Problem details: This exercise calls for the data below to be retyped exactly, minus any images.

Source material:
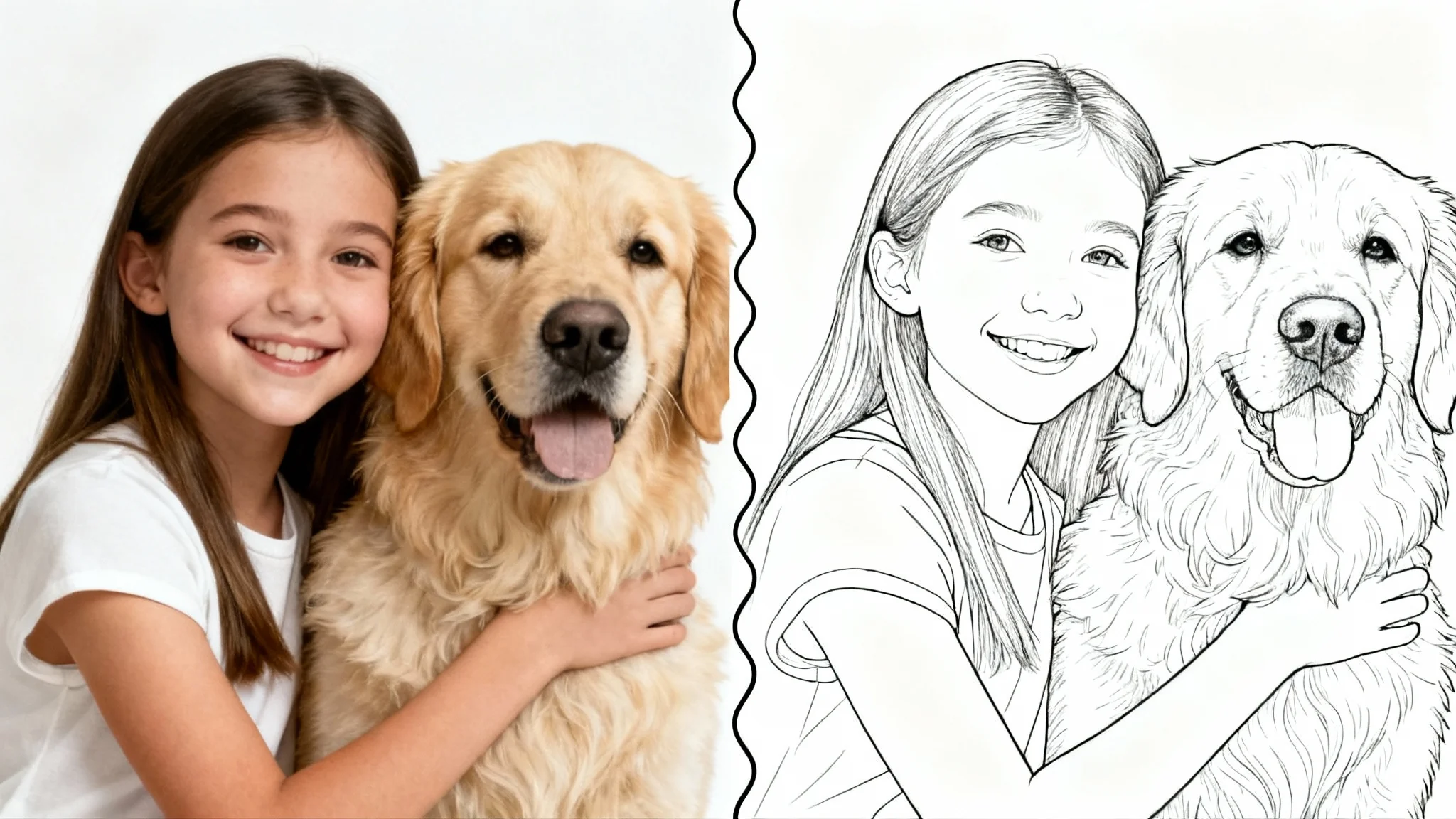 A side-by-side comparison showing a photo of a girl and her dog transforming into a black-and-white line art coloring page on a white background.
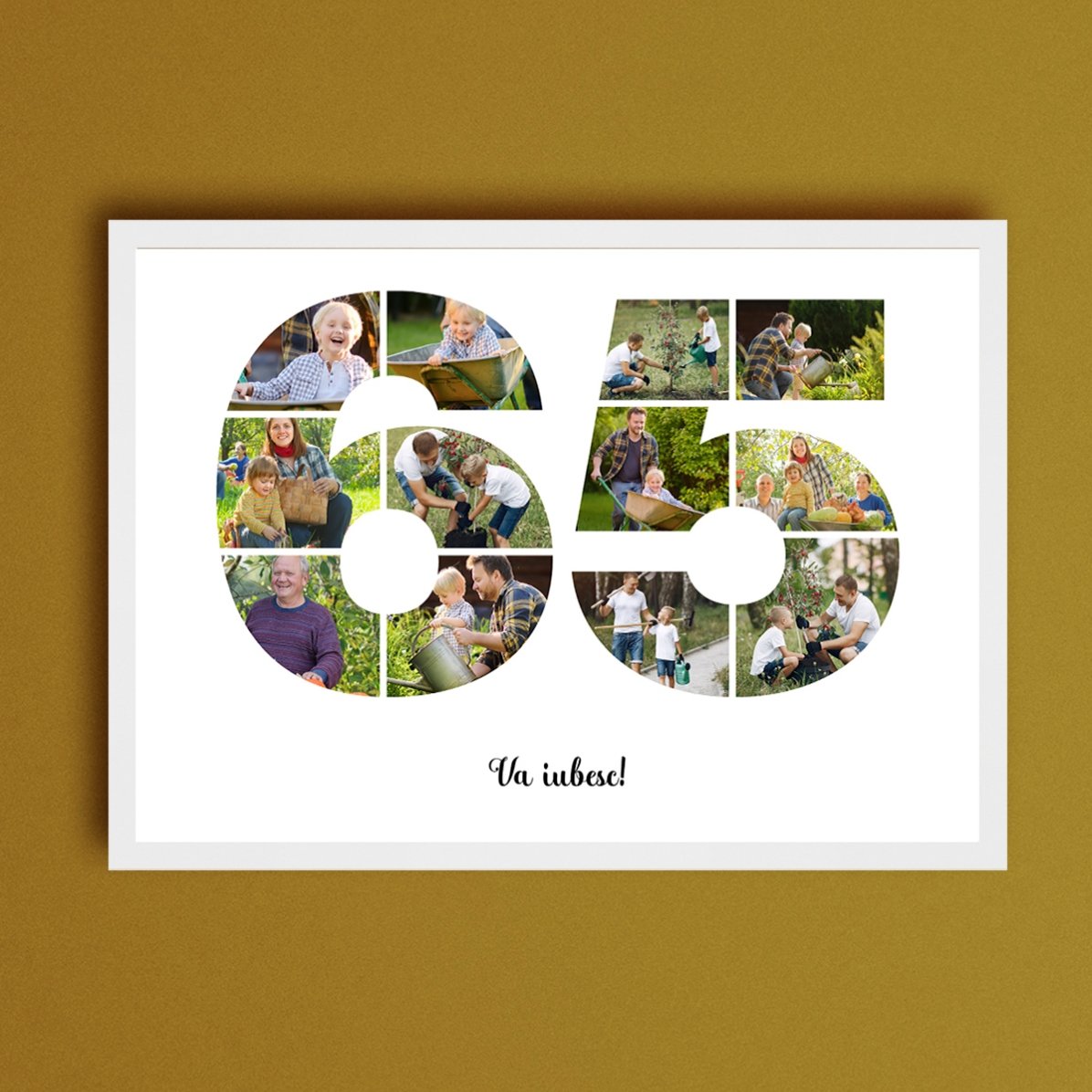 Quadro paesaggistico personalizzato con 12 foto, modello n. 65 e messaggio di testo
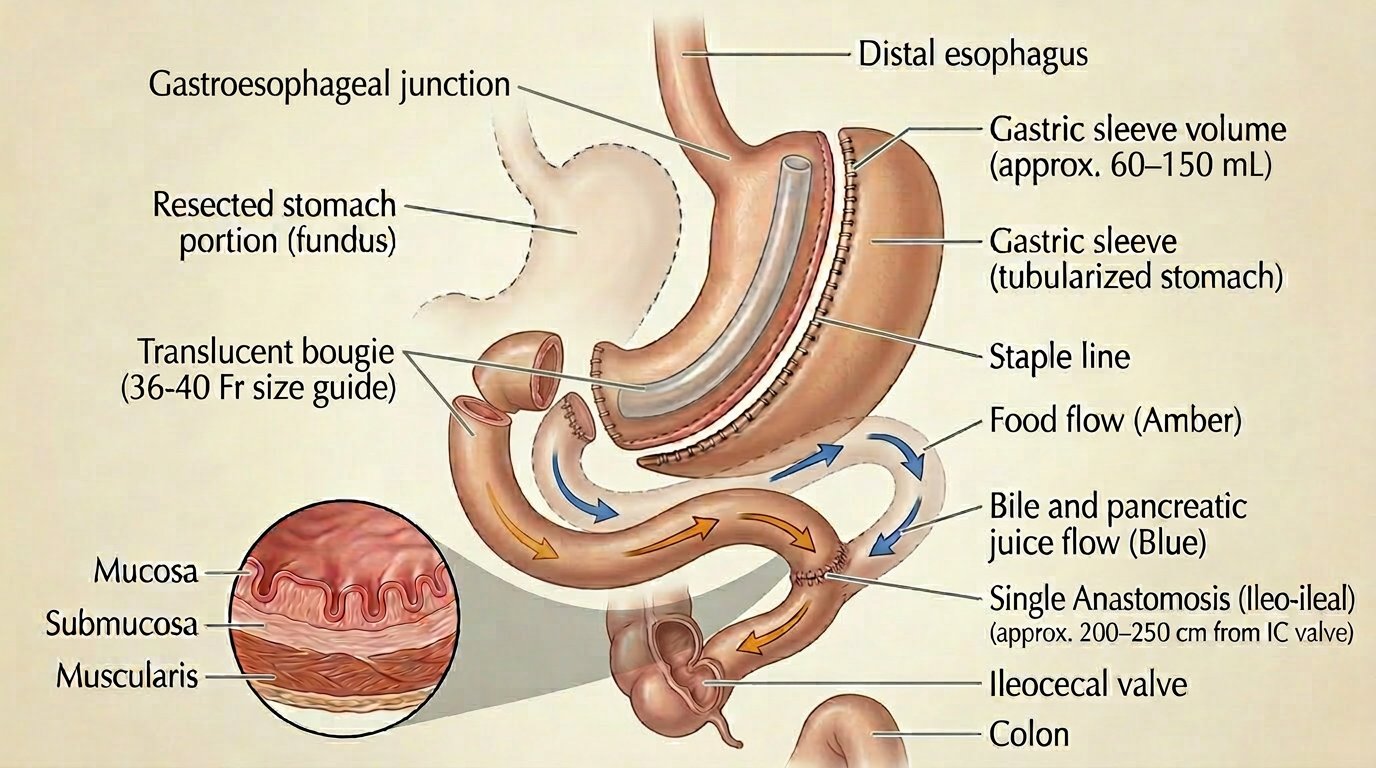 Medical illustration of SADI-S single anastomosis duodeno-ileal bypass with sleeve anatomy showing gastric sleeve, single ileo-ileal anastomosis 200-250cm from ileocecal valve, food flow amber arrows, bile and pancreatic juice flow blue arrows, ileocecal valve, and colon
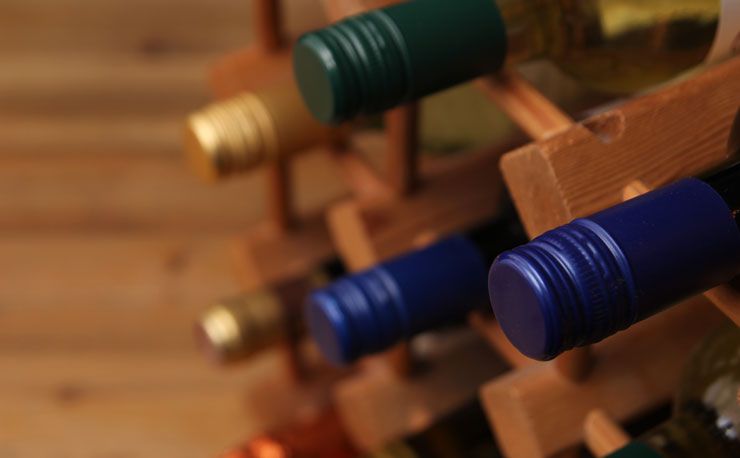 wine rack with wine on it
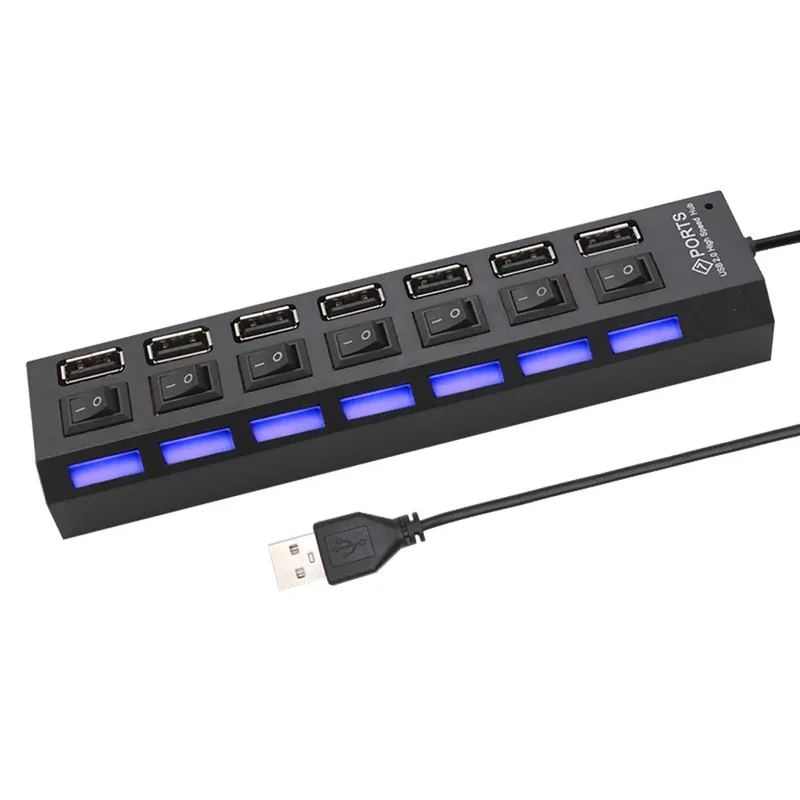 USB 2.0 Hub USB Hub 2.0 Multi USB Splitter Hub Use Power Adapter 4/7 Port Multiple Expander 2.0 USB Hub with Switch for PC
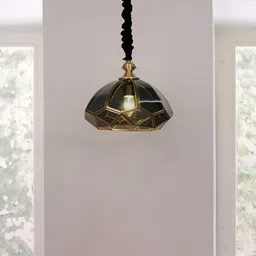 Fos Lighting Black & Gold-Toned Textured Glass Abstract Shaped Ceiling Lamp-image-28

The completed task:
 A side-by-side comparison showing a photo of a girl and her dog transforming into a black-and-white line art coloring page on a white background.
 Quadro paesaggistico personalizzato con 12 foto, modello n. 65 e messaggio di testo
 Medical illustration of SADI-S single anastomosis duodeno-ileal bypass with sleeve anatomy showing gastric sleeve, single ileo-ileal anastomosis 200-250cm from ileocecal valve, food flow amber arrows, bile and pancreatic juice flow blue arrows, ileocecal valve, and colon
 wine rack with wine on it
 USB 2.0 Hub USB Hub 2.0 Multi USB Splitter Hub Use Power Adapter 4/7 Port Multiple Expander 2.0 USB Hub with Switch for PC
 Fos Lighting Black & Gold-Toned Textured Glass Abstract Shaped Ceiling Lamp-image-28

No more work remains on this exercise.